*** Source records Section Begins ***
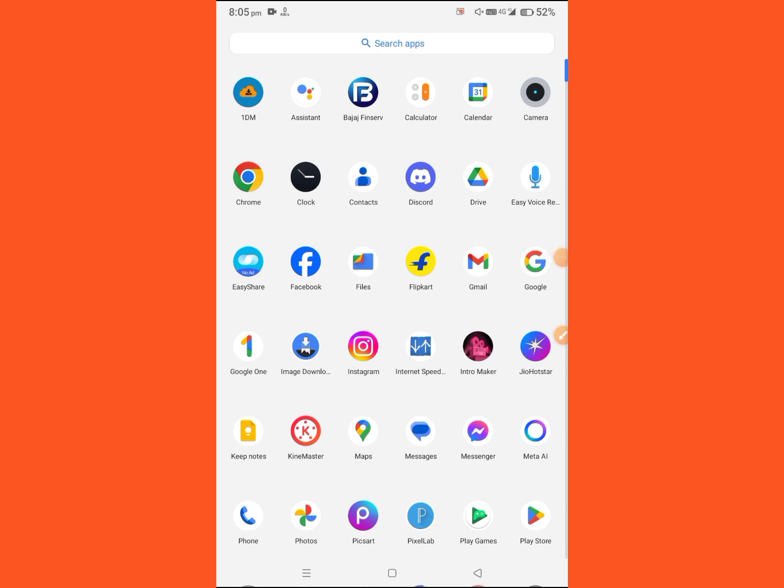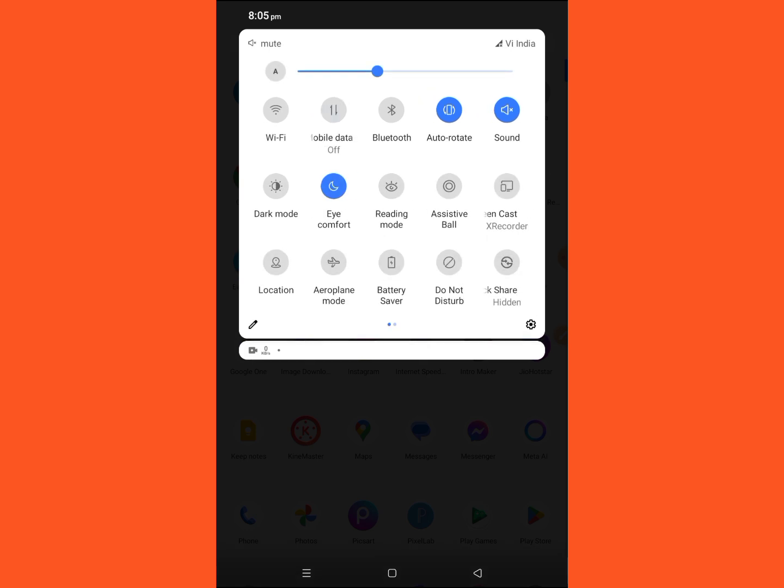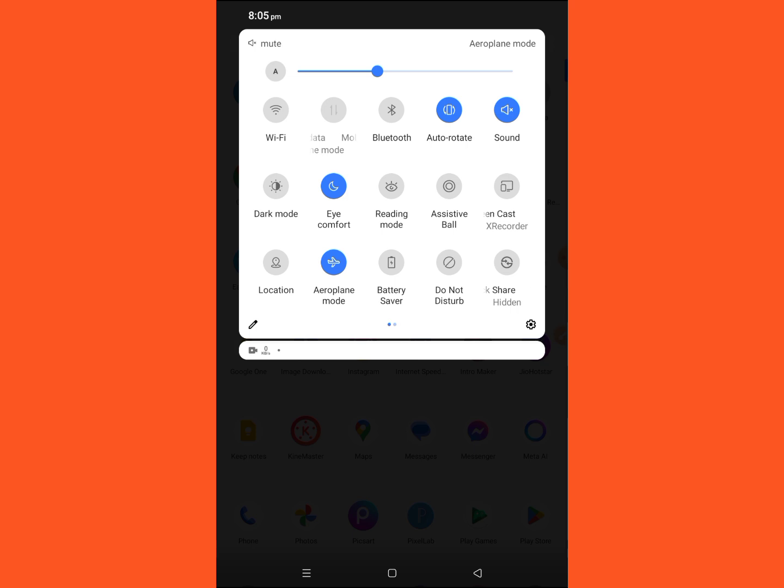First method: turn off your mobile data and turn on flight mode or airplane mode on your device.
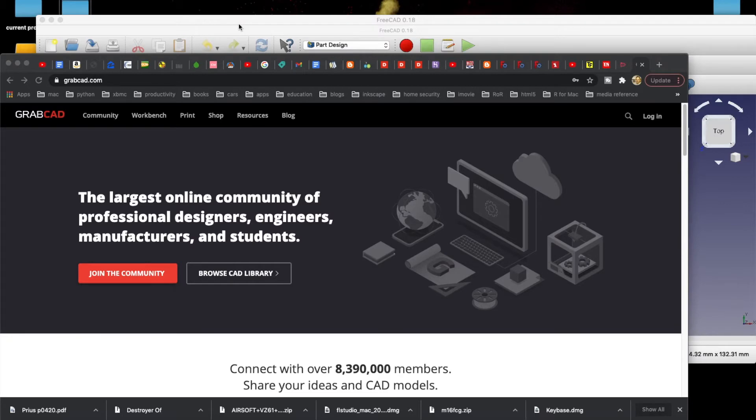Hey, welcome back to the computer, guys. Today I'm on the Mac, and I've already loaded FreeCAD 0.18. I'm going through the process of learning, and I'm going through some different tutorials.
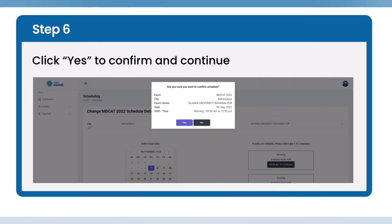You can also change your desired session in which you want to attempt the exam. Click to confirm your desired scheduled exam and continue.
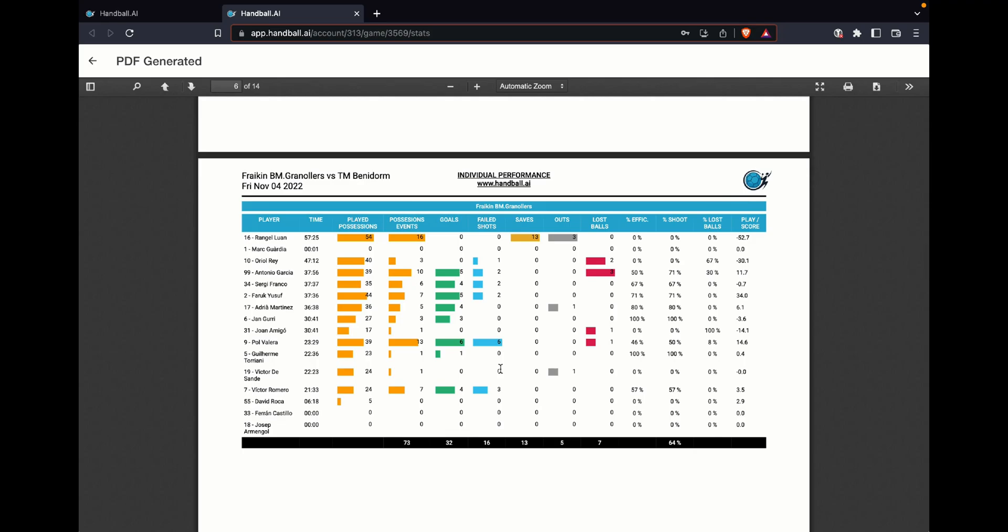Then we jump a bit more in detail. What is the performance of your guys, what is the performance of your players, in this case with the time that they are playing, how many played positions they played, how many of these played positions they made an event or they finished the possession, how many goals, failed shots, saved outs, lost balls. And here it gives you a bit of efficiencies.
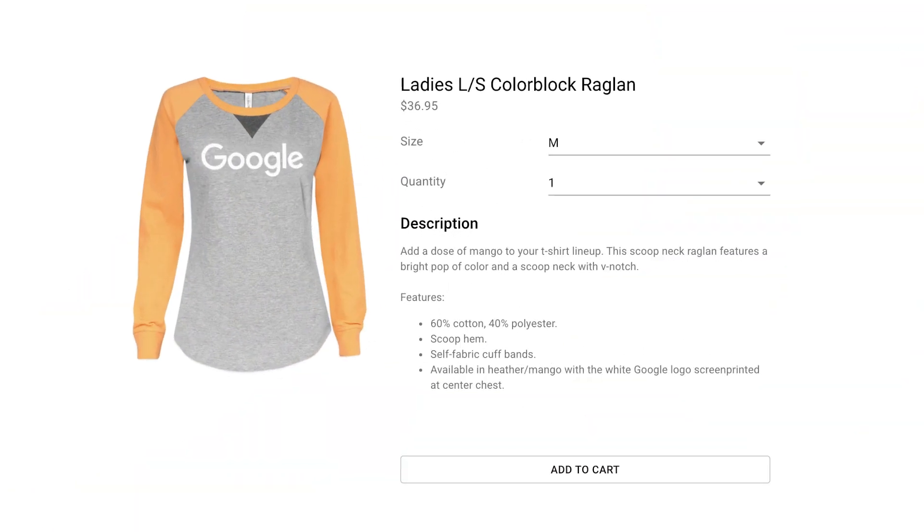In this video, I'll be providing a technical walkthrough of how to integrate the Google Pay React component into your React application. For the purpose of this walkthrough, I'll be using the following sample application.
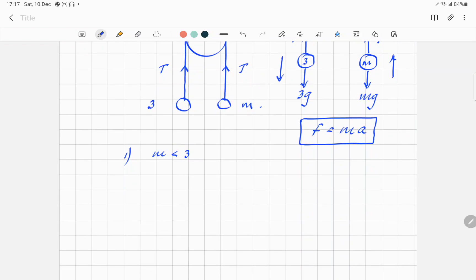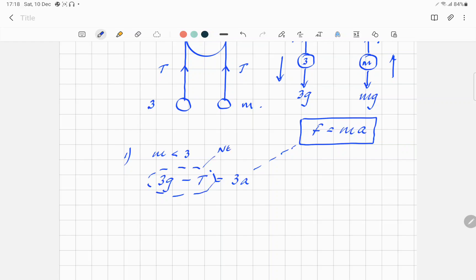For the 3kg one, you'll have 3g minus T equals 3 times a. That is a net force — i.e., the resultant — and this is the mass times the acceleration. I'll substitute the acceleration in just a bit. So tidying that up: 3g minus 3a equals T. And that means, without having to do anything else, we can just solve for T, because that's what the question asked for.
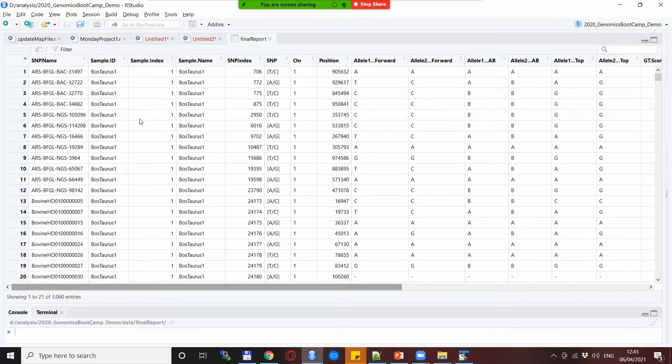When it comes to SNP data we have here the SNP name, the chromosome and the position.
*** Source records Section Ends ***
-- What you should do --
Your copy of the entries must be exact and must not include any of their pictures.

-- Answer for the task --
First method: turn off your mobile data and turn on flight mode or airplane mode on your device.
Hey, welcome back to the computer, guys. Today I'm on the Mac, and I've already loaded FreeCAD 0.18. I'm going through the process of learning, and I'm going through some different tutorials.
You can also change your desired session in which you want to attempt the exam. Click to confirm your desired scheduled exam and continue.
Then we jump a bit more in detail. What is the performance of your guys, what is the performance of your players, in this case with the time that they are playing, how many played positions they played, how many of these played positions they made an event or they finished the possession, how many goals, failed shots, saved outs, lost balls. And here it gives you a bit of efficiencies.
In this video, I'll be providing a technical walkthrough of how to integrate the Google Pay React component into your React application. For the purpose of this walkthrough, I'll be using the following sample application.
For the 3kg one, you'll have 3g minus T equals 3 times a. That is a net force — i.e., the resultant — and this is the mass times the acceleration. I'll substitute the acceleration in just a bit. So tidying that up: 3g minus 3a equals T. And that means, without having to do anything else, we can just solve for T, because that's what the question asked for.
When it comes to SNP data we have here the SNP name, the chromosome and the position.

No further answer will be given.